About this task:
Beginning with the line that holds "Vintage 925 Sterling" in the data below, give again every line through the one that holds "Peinture de protection", exactly as written.

Dataset content:
/---

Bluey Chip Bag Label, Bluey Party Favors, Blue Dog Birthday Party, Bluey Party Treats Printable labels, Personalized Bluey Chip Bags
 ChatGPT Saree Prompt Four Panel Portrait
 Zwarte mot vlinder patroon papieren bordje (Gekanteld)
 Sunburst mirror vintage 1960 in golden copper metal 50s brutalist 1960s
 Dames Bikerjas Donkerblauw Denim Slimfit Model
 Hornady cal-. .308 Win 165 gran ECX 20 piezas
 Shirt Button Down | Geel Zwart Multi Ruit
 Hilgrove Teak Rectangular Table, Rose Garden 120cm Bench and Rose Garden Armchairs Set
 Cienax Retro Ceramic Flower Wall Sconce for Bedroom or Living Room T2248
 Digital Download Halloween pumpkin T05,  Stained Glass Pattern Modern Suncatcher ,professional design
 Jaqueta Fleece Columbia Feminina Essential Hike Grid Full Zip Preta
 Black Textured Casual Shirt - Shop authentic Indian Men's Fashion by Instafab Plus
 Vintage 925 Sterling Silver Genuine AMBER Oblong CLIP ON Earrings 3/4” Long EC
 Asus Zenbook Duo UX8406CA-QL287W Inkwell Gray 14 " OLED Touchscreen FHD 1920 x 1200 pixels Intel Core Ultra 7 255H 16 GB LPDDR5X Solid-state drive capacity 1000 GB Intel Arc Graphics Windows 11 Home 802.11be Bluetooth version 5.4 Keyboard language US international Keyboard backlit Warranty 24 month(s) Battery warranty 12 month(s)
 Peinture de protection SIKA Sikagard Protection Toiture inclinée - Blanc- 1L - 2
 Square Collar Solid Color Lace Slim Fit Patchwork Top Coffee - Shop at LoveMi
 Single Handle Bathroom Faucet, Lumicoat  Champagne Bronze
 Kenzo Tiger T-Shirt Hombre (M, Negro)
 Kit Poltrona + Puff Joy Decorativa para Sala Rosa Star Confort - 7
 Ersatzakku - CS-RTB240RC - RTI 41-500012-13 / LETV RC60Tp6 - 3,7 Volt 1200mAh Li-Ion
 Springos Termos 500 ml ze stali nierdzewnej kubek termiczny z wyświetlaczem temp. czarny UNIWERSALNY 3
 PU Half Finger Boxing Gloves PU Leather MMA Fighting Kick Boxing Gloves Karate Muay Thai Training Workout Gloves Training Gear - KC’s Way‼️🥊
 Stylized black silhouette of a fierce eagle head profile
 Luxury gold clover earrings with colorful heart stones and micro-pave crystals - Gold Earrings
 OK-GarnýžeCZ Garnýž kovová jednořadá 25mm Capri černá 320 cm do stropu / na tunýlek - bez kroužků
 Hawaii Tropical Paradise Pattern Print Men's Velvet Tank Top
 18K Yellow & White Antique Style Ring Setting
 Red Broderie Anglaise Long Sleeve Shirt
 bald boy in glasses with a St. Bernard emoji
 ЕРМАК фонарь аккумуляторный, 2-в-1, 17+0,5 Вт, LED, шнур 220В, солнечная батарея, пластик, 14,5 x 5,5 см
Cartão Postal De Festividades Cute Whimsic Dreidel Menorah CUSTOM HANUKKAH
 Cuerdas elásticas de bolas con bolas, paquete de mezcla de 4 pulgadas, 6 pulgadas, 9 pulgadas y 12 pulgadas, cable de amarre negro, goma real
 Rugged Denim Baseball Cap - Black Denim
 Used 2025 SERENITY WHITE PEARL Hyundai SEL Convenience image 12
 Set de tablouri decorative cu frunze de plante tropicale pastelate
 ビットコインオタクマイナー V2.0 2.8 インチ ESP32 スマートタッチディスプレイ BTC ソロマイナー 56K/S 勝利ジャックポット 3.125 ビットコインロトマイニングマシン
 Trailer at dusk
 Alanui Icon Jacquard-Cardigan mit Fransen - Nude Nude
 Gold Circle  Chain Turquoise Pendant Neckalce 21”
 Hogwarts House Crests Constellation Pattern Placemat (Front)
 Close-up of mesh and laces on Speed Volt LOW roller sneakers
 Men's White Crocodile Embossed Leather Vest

\---

Task result:
 Vintage 925 Sterling Silver Genuine AMBER Oblong CLIP ON Earrings 3/4” Long EC
 Asus Zenbook Duo UX8406CA-QL287W Inkwell Gray 14 " OLED Touchscreen FHD 1920 x 1200 pixels Intel Core Ultra 7 255H 16 GB LPDDR5X Solid-state drive capacity 1000 GB Intel Arc Graphics Windows 11 Home 802.11be Bluetooth version 5.4 Keyboard language US international Keyboard backlit Warranty 24 month(s) Battery warranty 12 month(s)
 Peinture de protection SIKA Sikagard Protection Toiture inclinée - Blanc- 1L - 2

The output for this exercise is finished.